### AIM OF THE TASK
Of the entries below, restate word for word only the section that runs from the line with "Generative AI Glasses" to the line with "Edward Mirell Black", counting both ends.

### INFORMATION

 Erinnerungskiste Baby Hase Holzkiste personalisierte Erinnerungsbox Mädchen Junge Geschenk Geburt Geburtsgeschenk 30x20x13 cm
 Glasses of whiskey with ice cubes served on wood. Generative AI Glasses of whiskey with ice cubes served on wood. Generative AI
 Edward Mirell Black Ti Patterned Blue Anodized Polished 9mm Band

...

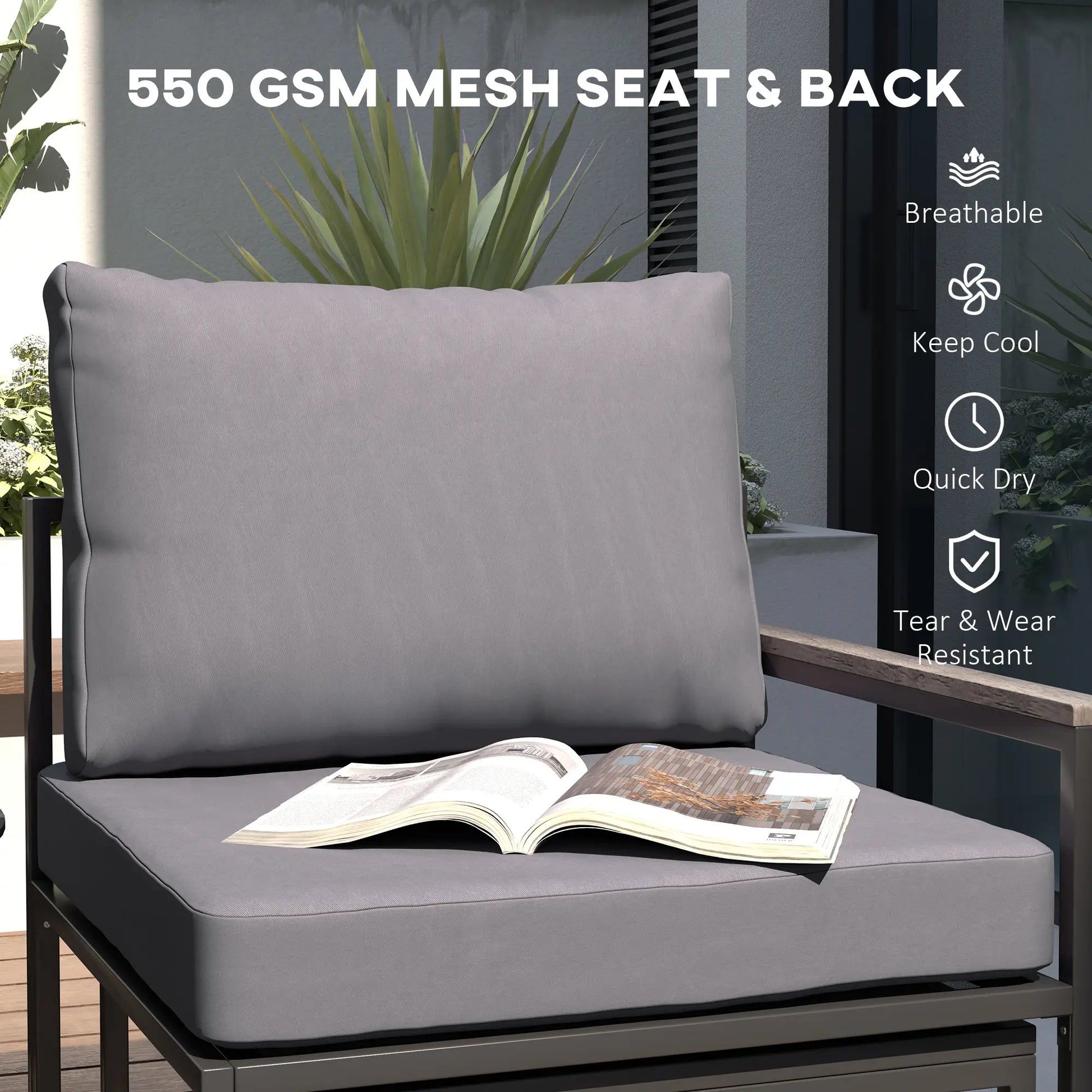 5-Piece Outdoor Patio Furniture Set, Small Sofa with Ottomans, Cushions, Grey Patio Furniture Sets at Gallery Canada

### YOUR RESPONSE
 Glasses of whiskey with ice cubes served on wood. Generative AI Glasses of whiskey with ice cubes served on wood. Generative AI
 Edward Mirell Black Ti Patterned Blue Anodized Polished 9mm Band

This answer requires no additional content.